“When my boyfriend and I were going strong, my in-laws very happily married off their daughter to a Hindu boy. So accepting me as their daughter-in-law was not difficult for them. I am indebted to them for the rest of my life for this warm and open-minded gesture,” says Sharada Swaminathan, a Tamil Brahmin who married Liyakat Shaikh, a Muslim, roughly a decade ago.
Having grown up in a multicultural family, where my mother and father followed different religions, I have always been fascinated by the concept of inter-caste and inter-religious marriages. Very often, such marriages are the outcome of deep love between two people, who promise to stand by each other during times of joy and sorrow. I was curious to know the stories of couples that have fought against religion, traditions, family, and societal norms to marry their better halves.
“I would suggest that couples take their parents’ permission first, because I know what it feels like when your parents don’t talk to you because you went against them. I know the feeling, because I have suffered this. This is a drawback of an inter-caste marriage,” says Jayashree Gadala, 24, on how her relationship with her father changed post-marriage.
Mahesh Govle and Sneha Jadhav dated for nine years before tying the knot in May, last year. From getting to know each other, to dating, to staying away from each other, to reconciling, this couple seems to have gone through every stage of love. “I used to work as a photographer at a studio, and she used to pass it to go to the school where she used to teach. I used to ask neighbours about her, and she eventually realised what I was doing, so I told her that I want to be friends with her. We would meet outside my studio, and a year and a half later, she finally said yes,” says Mahesh Govle, on how he met Sneha, his wife and life partner.

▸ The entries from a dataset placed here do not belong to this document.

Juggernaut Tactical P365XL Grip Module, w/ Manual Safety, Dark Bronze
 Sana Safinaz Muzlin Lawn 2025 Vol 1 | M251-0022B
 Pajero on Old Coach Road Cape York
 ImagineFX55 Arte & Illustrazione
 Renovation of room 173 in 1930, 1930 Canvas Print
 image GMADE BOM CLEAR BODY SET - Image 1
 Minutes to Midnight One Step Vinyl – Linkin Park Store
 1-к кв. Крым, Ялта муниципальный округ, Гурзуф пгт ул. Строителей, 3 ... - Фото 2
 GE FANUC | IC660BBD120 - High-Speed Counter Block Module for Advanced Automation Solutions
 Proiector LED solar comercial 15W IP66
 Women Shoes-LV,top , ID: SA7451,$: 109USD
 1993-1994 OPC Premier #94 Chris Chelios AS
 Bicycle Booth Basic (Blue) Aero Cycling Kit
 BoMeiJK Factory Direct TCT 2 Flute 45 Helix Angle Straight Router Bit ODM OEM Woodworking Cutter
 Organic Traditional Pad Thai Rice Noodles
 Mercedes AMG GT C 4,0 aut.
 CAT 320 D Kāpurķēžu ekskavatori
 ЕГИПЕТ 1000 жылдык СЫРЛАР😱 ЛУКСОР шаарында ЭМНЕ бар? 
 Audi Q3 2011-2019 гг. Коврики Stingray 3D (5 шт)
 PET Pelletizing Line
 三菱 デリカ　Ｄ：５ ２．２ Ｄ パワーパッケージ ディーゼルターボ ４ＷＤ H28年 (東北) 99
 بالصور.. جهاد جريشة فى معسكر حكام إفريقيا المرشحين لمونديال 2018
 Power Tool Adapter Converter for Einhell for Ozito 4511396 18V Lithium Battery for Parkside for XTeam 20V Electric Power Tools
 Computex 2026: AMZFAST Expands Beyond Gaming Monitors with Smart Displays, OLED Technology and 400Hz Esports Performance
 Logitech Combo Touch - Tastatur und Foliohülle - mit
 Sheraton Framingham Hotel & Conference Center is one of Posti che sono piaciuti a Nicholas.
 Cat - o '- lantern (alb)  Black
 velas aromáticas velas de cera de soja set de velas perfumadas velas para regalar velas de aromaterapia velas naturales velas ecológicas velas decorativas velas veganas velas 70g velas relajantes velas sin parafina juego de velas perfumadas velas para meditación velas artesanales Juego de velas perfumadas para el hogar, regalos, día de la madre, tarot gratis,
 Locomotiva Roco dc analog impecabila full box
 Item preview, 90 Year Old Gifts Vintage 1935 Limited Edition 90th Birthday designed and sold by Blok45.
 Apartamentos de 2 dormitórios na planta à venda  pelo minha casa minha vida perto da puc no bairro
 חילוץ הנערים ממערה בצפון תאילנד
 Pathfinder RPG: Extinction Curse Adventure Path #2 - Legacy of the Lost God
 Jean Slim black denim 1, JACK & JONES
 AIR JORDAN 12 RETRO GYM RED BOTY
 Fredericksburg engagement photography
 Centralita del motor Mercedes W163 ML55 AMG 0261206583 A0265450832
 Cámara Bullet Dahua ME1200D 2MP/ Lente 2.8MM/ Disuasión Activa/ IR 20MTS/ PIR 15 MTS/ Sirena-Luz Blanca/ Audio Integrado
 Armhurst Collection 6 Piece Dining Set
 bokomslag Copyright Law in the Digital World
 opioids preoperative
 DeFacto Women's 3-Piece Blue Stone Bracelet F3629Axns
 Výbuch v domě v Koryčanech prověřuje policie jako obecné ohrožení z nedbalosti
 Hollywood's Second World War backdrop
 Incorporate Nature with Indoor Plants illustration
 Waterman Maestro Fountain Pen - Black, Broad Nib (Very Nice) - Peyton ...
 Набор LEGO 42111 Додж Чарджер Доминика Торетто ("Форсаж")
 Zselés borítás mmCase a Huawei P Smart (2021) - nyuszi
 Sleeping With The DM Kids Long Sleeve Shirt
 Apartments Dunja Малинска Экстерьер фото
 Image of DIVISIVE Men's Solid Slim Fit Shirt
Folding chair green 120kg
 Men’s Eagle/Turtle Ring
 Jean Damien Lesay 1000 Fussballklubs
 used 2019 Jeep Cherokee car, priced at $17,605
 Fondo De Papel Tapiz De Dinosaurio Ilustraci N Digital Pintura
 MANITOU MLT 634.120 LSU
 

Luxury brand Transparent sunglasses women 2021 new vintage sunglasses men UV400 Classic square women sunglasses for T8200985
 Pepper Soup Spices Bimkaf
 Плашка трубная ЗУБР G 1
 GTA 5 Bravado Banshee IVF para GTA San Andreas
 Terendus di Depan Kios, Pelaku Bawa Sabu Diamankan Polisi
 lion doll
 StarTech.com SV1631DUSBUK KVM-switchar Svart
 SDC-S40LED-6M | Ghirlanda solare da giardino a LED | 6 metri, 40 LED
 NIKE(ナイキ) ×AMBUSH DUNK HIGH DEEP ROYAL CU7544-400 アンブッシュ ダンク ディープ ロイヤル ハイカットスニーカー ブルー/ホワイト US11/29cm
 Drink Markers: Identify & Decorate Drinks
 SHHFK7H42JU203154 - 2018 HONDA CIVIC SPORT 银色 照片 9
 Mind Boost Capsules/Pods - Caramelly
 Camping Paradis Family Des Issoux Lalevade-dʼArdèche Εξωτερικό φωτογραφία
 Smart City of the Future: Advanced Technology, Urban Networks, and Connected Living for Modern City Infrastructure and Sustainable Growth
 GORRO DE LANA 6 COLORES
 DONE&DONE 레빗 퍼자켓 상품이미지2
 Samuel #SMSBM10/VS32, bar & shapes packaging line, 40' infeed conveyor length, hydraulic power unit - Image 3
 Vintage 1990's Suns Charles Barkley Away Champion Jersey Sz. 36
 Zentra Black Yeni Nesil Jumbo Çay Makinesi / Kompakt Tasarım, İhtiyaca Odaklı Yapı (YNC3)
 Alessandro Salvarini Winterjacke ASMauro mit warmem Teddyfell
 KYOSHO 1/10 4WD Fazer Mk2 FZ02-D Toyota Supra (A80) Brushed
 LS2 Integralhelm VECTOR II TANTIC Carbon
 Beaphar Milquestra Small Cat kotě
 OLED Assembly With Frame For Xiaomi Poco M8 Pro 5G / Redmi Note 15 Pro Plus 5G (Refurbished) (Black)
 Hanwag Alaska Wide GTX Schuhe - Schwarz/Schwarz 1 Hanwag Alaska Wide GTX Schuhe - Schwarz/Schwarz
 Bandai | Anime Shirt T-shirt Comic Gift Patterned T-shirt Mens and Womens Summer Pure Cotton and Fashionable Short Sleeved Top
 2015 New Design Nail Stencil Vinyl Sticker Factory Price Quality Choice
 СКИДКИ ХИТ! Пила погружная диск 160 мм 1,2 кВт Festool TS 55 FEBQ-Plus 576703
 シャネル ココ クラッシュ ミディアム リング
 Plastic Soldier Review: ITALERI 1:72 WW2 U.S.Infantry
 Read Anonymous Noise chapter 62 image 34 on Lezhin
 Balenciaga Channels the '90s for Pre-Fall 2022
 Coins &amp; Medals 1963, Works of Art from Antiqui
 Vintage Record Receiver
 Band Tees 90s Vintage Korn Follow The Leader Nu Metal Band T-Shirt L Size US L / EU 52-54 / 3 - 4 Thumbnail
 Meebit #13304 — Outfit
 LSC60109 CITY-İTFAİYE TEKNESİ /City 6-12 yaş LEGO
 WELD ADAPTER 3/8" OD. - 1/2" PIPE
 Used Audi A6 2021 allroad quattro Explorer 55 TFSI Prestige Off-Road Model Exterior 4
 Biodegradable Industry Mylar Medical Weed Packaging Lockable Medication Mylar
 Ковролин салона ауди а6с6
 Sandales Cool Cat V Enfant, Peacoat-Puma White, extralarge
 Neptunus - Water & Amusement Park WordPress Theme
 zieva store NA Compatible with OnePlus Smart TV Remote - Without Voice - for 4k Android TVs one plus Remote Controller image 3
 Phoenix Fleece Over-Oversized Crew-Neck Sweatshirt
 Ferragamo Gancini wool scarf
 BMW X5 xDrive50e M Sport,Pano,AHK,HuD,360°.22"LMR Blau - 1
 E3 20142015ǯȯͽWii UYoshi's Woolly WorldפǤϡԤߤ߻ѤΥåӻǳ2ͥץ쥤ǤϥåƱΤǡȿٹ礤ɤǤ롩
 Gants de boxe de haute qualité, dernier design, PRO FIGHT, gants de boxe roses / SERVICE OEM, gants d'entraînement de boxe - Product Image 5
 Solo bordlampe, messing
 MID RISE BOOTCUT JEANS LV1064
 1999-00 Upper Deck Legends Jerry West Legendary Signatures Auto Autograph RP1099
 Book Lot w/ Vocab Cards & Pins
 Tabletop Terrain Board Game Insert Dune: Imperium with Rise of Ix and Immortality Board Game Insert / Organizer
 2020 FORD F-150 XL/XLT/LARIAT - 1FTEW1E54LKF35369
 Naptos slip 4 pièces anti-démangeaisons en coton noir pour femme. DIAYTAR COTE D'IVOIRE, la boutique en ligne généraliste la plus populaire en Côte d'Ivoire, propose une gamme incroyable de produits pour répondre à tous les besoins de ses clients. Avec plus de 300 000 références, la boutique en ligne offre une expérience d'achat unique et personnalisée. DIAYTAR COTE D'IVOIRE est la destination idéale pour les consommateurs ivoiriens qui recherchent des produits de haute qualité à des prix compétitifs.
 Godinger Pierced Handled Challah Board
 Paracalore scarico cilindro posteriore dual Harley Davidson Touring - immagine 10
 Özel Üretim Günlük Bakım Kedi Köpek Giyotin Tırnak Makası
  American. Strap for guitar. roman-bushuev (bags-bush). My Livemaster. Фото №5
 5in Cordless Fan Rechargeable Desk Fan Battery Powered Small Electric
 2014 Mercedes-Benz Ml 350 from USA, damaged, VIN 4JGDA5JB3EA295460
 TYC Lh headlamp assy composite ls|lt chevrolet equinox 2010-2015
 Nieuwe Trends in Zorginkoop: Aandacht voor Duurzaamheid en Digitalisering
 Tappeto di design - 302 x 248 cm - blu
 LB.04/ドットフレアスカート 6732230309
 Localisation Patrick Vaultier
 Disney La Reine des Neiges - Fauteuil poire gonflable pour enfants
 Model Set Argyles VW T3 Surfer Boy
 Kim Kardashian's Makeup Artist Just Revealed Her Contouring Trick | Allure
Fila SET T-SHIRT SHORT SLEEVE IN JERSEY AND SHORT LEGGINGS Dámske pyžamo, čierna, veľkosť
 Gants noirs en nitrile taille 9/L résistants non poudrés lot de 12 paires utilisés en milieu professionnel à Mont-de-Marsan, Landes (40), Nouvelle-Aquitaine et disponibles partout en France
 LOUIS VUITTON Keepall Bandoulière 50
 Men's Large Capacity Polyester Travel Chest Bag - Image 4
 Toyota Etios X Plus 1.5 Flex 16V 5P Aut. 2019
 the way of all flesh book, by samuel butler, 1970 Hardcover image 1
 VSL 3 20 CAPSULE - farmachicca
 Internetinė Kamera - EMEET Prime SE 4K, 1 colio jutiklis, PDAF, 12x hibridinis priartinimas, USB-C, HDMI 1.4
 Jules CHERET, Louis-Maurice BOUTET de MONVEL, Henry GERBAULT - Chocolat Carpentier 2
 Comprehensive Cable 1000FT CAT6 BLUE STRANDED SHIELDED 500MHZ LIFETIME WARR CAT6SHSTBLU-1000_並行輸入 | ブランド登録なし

From getting to know each other’s families and their lifestyle, to convincing her father who opposed the marriage, to being caught together on Valentine’s Day, this couple has come a long way. Their love has truly stood the test of time. But didn’t they ever consider running away and getting married? Sneha tells us, “Mahesh wanted to elope, but I was adamant that we should convince our families and only then get married. We invested nine years in this relationship, and that’s why I wanted permission from both families. If I had to run away, then I would not have invested nine years.”
Not all love stories have a completely happy ending. Satyam and Jayashree Gadala ran away and got in 2011. This South Indian-Maharashtrain couple fell in love when they met each other through a mutual friend. Today, it’s been over six years since they tied the knot, and their relationship celebrates the cultures of both Maharashtra and Hyderabad!
“In the first year, it was very difficult for me to adjust to life in Hyderabad, as I have always been a Mumbai girl. But it is quite fun to live in this city; to learn the local language, the lifestyle, and culture. Over time, I got used to it all. We follow each other’s traditions and celebrate each other’s festivals as well,” says Jayashree, who converses with her husband in Telugu, while he talks to her in Marathi. This is one of the most beautiful aspects of inter-religious marriages – the intermingling of cultures.
Couples who marry outside their caste or religion face a lot of obstacles within the home, whether it has to do with living under the same roof, or sharing a kitchen, or even adapting to the ways of their partner’s family. The compatibility seems to be very high when it comes to such couples, as the partners have almost always known each other for a long time. This was the case with Mr and Mrs Rohra, who have been married since 2006. This Sindhi-Bengali couple met each other while working at the same office, and since then, they have never looked back.
“Inter-caste marriage is a union where the couple is in love with each other; it’s the meeting of two minds, basically. Both partners know who they want to spend the rest of their lives with; they are not concerned what the rest of the world thinks about them. In a marriage of this kind, there are a lot of things to learn,” states Subhash Rohra, a 47-year-old financial consultant.
Inter-caste and inter-religious marriages start with love and end with love. It is this love that keeps the partners going through times of trials and tribulations. It helps them shed their inhibitions and fears, and inspires them to fight against a society that is unjust and unfair to anyone who will break its rules. But whoever thinks that love is easy or that marriages involve only love must think again. It’s never just about love.
“Love is an instinctive feeling. You cannot verify a person’s religion before falling in love with them. So when you do fall in love with a person of a different faith, do not hesitate to commit, and once you have committed to them, learn to respect each other’s religion and individuality. Leave them alone, respect their preferences, and make your marriage a harmonious and a successful one,” says Sharada to all young couples.